Negotiating with a mortgage lender

How to find the right mortgage


The following five rules will help you find an affordable mortgage that is right for you and your personal situation:
 

1. Do your homework

Enquire about the terms and conditions applying to your existing mortgage well in advance. Negotiating a successful mortgage agreement takes time. Get an idea of typical mortgage rates early on and consider the types of mortgages that might work for you.
 

2. Compare

Request quotes from different lenders. Compare the quotes and decide from the best deals which lender you would like to contact to arrange an appointment. As well as comparing interest rates, bear in mind that the applicable charges may also vary significantly.
 

3. Sell yourself

How the lender assesses the property and your personal financial situation will directly affect what mortgage rate you will be offered.

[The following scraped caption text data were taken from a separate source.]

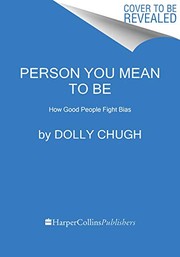 best books about unconscious bias The Person You Mean to Be: How Good People Fight Bias
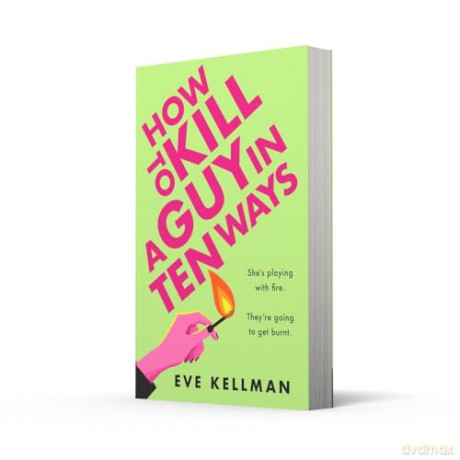 How to Kill a Guy in Ten Ways: a new for 2024 deliciously dark and twisted serial killer thriller for anyone who dreams of revenge on bad men - Eve Kellman [KSIĄŻKA]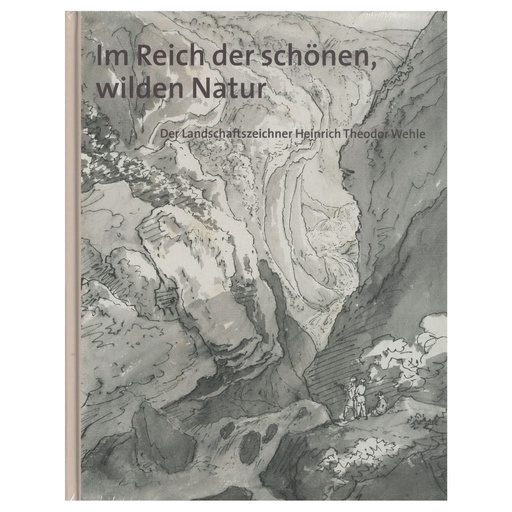 [SL126] Im Reich der schönen, wilden Natur- Heinrich Theodor Wehle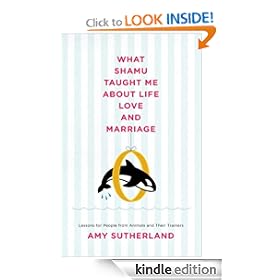 What Shamu Taught Me About Life, Love, and Marriage: Lessons for People from Animals and Their Trainers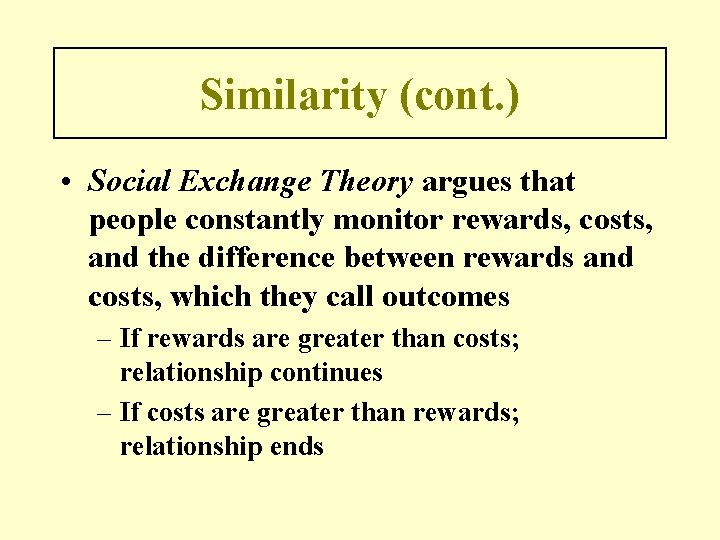 Similarity (cont. ) • Social Exchange Theory argues that people constantly monitor rewards, costs,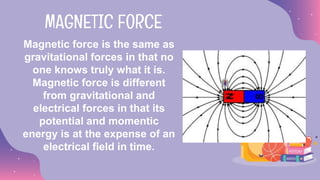 Magnetic force is the same as
gravitational forces in that no
one knows truly what it is.
Magnetic force is different
from gravitational and
electrical forces in that its
potential and momentic
energy is at the expense of an
electrical field in time.
MAGNETIC FORCE
 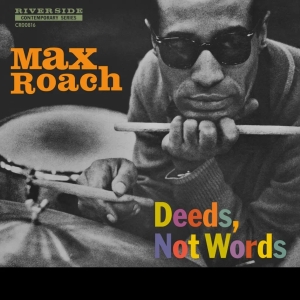 Max Roach - Deeds, Not Words (Mono Edition) (Rsd) ryhmässä Övrigt /  @ Bengans Skivbutik AB (5567919)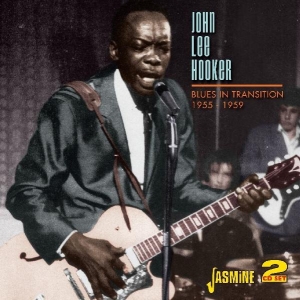 John Lee Hooker - Blues In Transition 1955-1959 i gruppen CD hos Bengans Skivbutik AB (1008481)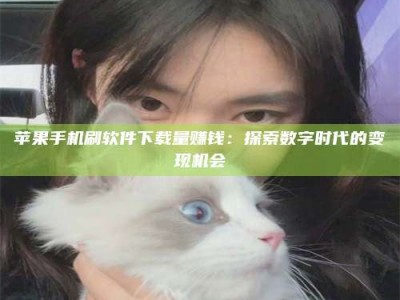 张北苹果手机刷软件下载量赚钱：探索数字时代的变现机会
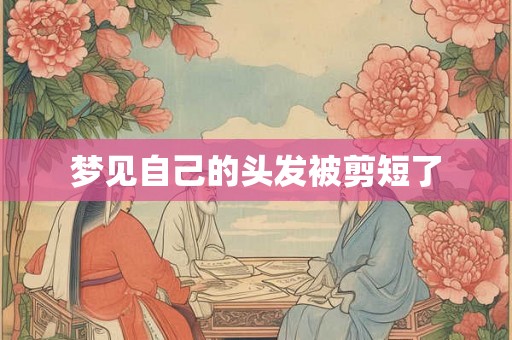 梦见自己的头发被剪短了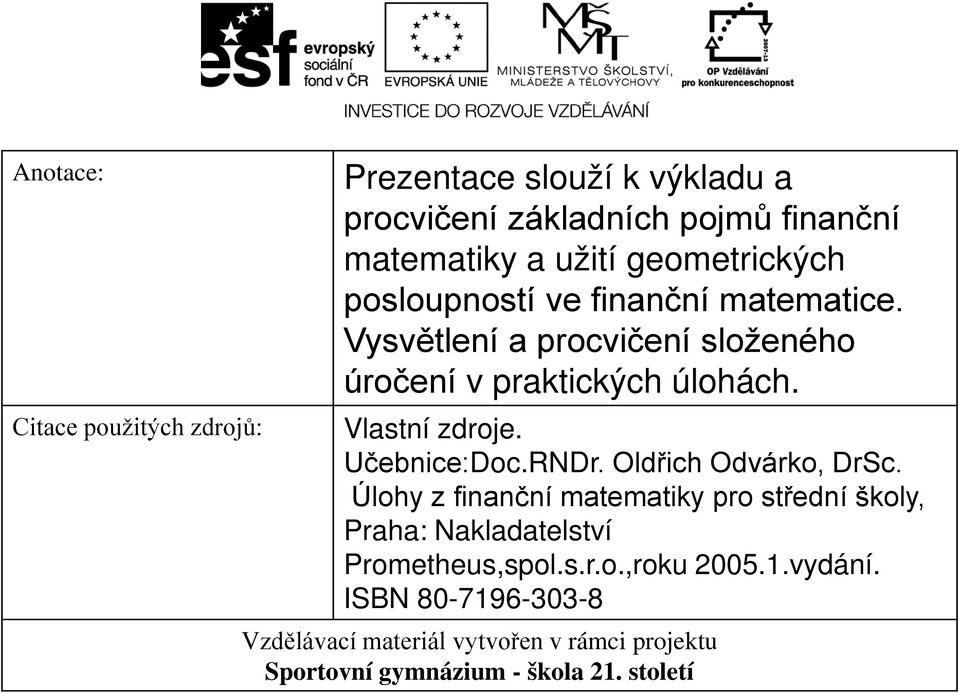 Vlastní zdroje. Učebnice:Doc.RNDr. Oldřich Odvárko, DrSc.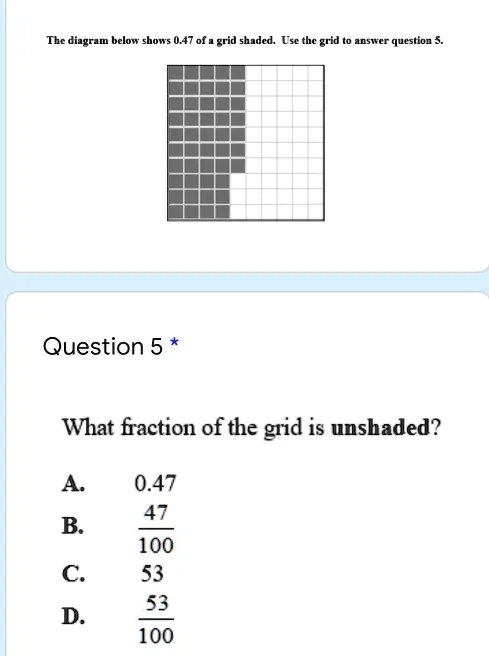 The diagram below shows 0.47 of a grid shaded. Use the grid to answer ...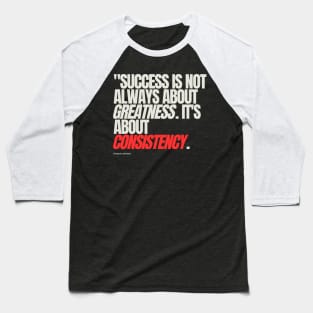 "Success is not always about greatness. It's about consistency." - Dwayne Johnson Baseball T-Shirt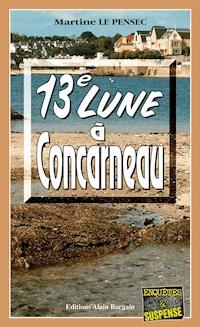 13e Lune à Concarneau - Martine Le Pensec - ebook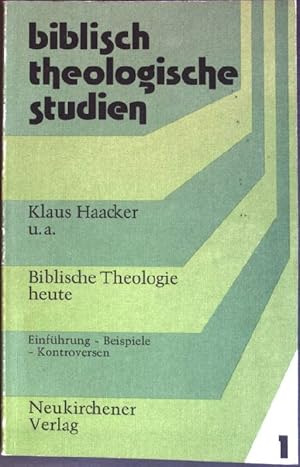 Imagen del vendedor de Biblische Theologie heute : Einfhrung, Beispiele, Kontroversen. Biblisch-theologische Studien; 1 a la venta por books4less (Versandantiquariat Petra Gros GmbH & Co. KG)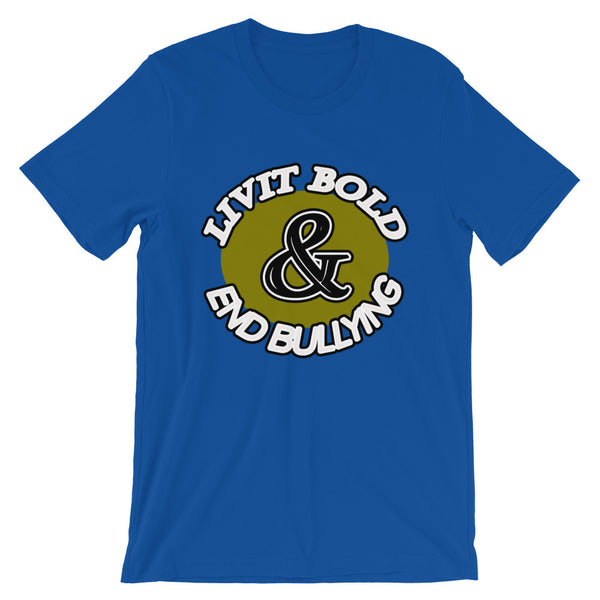 LiVit BOLD & End Bullying Short-Sleeve Unisex T-Shirt - 12 Colors - LiVit BOLD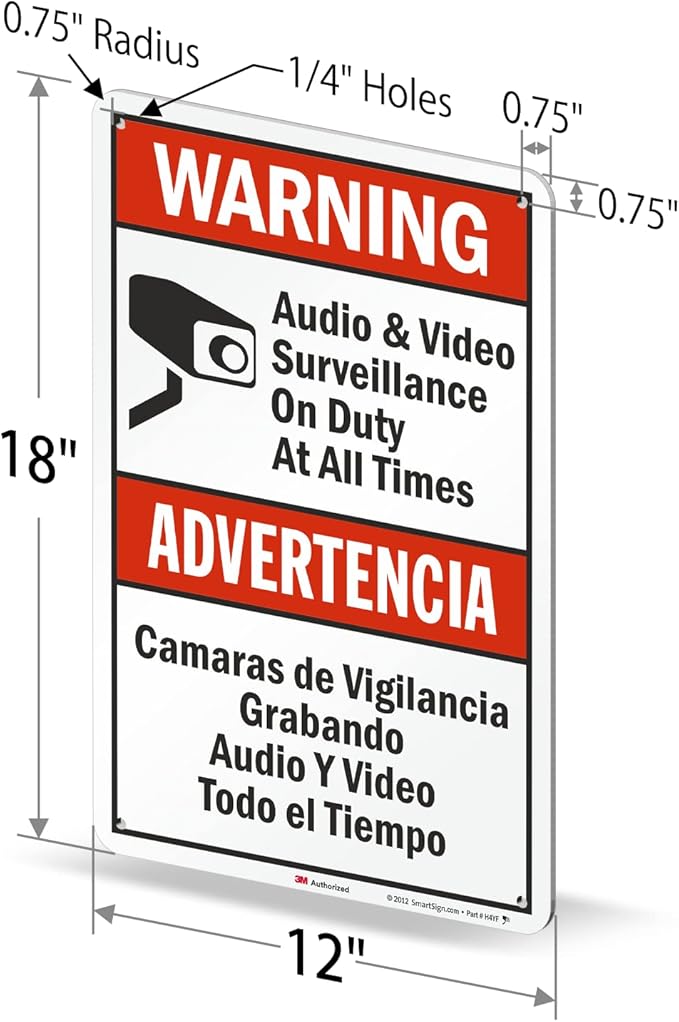 SmartSign 18 x 12 inch “Warning - Audio & Video Surveillance On Duty At All Times” Bilingual Sign, 63 mil Aluminum, 3M Laminated Engineer Grade Reflective Material, Red, Black and White, USA-Made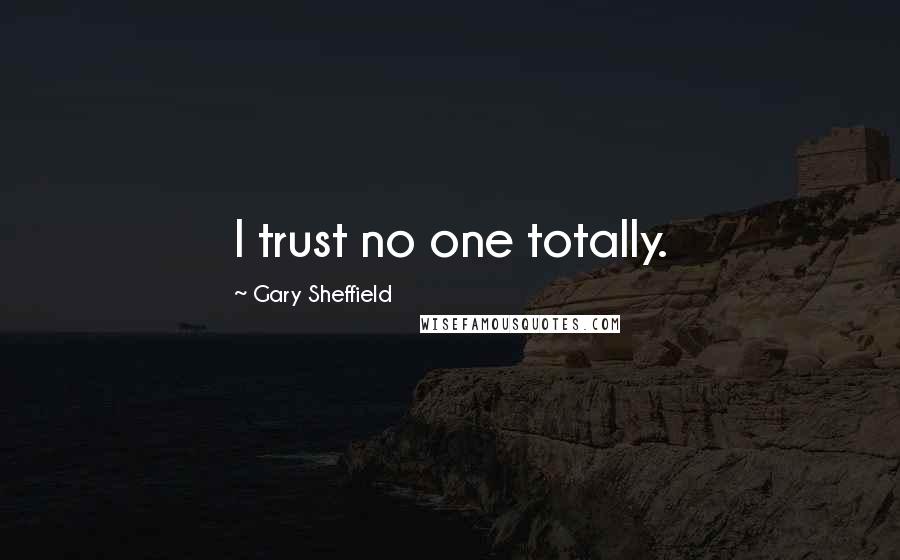 Gary Sheffield Quotes: I trust no one totally.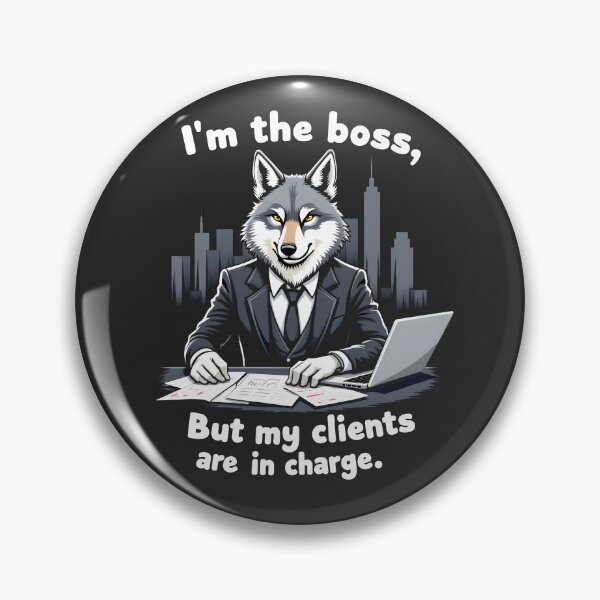 Item preview, I'm the Boss but my Clients are Incharge Wolf Design designed and sold by FoxyJags.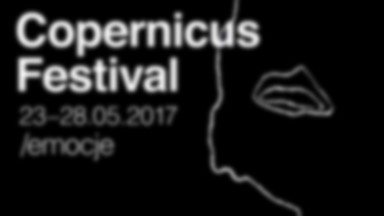 Copernicus Festival 2017 rusza już wkrótce. Skupi się na emocjach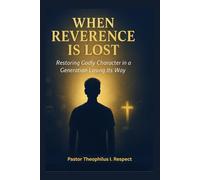 WHEN REVERENCE IS LOST: RESTORING GODLY CHARACTER IN A GENERATION LOSING ITS WAY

Relevant factors include an increase in salary, an increase in the value of any owned property or property investments, an increase in assets (e.g. inheritance), reduced financial obligations, or changes to your family circumstances. If there have been positive changes, notify your current lender and ask for better interest terms.
 

4. Negotiate

A mortgage is a matter for negotiation. Both the mortgage rate and any charges applied by the lenders as part of the mortgage offer are up for negotiation. Discuss these charges with your lender. Could you imagine switching from your main bank? If so, banks are often willing to agree to discounted interest rates in such cases.
 

5. Stay flexible

Bear in mind that the mortgage you have just taken out will end at some point and you will need to switch to a new deal. When interest rates are low, many lenders advise you to stagger the mortgage terms. Try to avoid this. Usually, you will need to remortgage the sub-account that matures first with the same bank. This reduces your flexibility considerably. When interest rates are low, it generally pays to lock into these favourable market conditions for as long as possible, i.e. by taking out a long-term fixed-rate mortgage. It is possible to benefit from staggered mortgage terms (with interest payments more evenly distributed over the long term) while also retaining your flexibility. To do this, you build up reserves when the rates are low by investing the difference between the long-term average of 5% (variable-rate mortgages) and the rate you are actually paying. You can then use these reserves to help finance your above-average interest payments during periods when interest rates are high.